Gericht: Bundesgerichtshof
Beschluss verkündet am 04.10.2005
Aktenzeichen: VII ZB 46/05
Rechtsgebiete: ZPO


Vorschriften:

ZPO § 794 Abs. 1 Nr. 1
Der in einem Prozessvergleich ausgewiesene bezifferte Zahlungsbetrag ist vollstreckungsrechtlich bestimmt.
BUNDESGERICHTSHOF BESCHLUSS

VII ZB 46/05

vom 4. Oktober 2005

in dem Zwangsvollstreckungsverfahren

Der VII. Zivilsenat des Bundesgerichtshofs hat am 4. Oktober 2005 durch den Vorsitzenden Richter Dr. Dressler, die Richter Dr. Kuffer, Bauner, die Richterinnen Dr. Kessal-Wulf und Safari Chabestari

beschlossen:

Tenor:

Auf die Rechtsbeschwerde der Gläubigerin wird der Beschluss der 5. Zivilkammer des Landgerichts Potsdam vom 19. Januar 2005 aufgehoben.

Die sofortige Beschwerde des Schuldners gegen den Beschluss des Amtsgerichts Potsdam vom 19. November 2004 wird zurückgewiesen.

Der Schuldner trägt die Kosten der Beschwerdeverfahren.

Wert: 5.578,68 €

Gründe:

I.

Die Gläubigerin betreibt aus einem Vergleich im Scheidungsverfahren wegen eines Unterhaltsrückstands für die Monate Februar und März 2004 von je 28,69 € sowie wegen des laufenden Unterhalts ab April 2004 in Höhe von monatlich 464,89 € die Zwangsvollstreckung.

Der Vergleich lautet unter anderem:

"Der Ehemann (= Schuldner) zahlt an die Ehefrau (= Gläubigerin) ab 01.05.1997 eine lebenslängliche Leibrente von monatlich 1.250 DM. Diese monatliche Leibrente ändert sich in dem Verhältnis, wie sich die Bezüge eines Professors der Vergütungsgruppe C 4 der H. -Universität in B. verändern. Der Ehemann verpflichtet sich, der Ehefrau unverzüglich entsprechende Änderungen mitzuteilen und die Leibrente entsprechend der Änderung zu zahlen ...

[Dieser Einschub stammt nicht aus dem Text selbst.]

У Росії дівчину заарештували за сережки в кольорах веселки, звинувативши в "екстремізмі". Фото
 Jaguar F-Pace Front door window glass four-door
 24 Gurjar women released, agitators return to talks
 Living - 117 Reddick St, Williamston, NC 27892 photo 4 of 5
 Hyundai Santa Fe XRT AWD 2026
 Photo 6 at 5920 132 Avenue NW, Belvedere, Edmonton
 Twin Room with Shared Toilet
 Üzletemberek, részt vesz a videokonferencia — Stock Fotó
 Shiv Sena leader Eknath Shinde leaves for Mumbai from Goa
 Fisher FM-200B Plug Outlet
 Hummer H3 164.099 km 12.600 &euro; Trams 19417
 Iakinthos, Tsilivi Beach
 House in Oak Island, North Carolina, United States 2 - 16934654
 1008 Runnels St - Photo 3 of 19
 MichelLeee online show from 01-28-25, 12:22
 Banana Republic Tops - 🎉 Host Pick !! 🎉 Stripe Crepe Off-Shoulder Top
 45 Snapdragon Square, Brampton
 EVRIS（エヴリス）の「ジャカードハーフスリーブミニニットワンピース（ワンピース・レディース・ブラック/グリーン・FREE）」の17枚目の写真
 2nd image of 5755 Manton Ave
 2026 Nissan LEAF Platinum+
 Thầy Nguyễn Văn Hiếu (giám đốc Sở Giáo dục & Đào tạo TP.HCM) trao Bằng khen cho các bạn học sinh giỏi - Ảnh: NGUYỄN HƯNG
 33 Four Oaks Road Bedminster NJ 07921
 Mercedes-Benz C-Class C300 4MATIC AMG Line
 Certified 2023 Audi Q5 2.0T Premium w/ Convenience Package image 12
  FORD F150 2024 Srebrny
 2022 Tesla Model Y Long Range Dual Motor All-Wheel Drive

Die Rechte aus § 323 ZPO behält der Ehemann sich bezüglich der Leibrente (Ehegattenunterhalt) insoweit vor, als sein Nettoeinkommen aus Erwerbstätigkeit das der Ehefrau um weniger als 10 % übersteigt ..."

Das Amtsgericht P. erließ auf Antrag der Gläubigerin am 29. April 2004 einen Pfändungs- und Überweisungsbeschluss in der beantragten Höhe.

Die hiergegen gerichtete Erinnerung des Schuldners, in der er die Bestimmtheit des Titels beanstandete, hat das Amtsgericht P. mit Beschluss vom 19. November 2004 zurückgewiesen.

Auf die sofortige Beschwerde des Schuldners hat das Landgericht P. den Beschluss des Amtsgerichts P. vom 19. November 2004 und den Pfändungs- und Überweisungsbeschluss des Amtsgerichts P. vom 29. April 2004 aufgehoben. Es hat die Zwangsvollstreckung aus dem Vergleich für den Zeitraum, in dem im Rahmen der Bezüge eines Professors der Vergütungsgruppe C 4 der H. -Universität in B. Sonderzahlungen nach dem Gesetz über die Gewährung einer jährlichen Sonderzahlung des Landes B. zu berücksichtigen sind, für unzulässig erklärt.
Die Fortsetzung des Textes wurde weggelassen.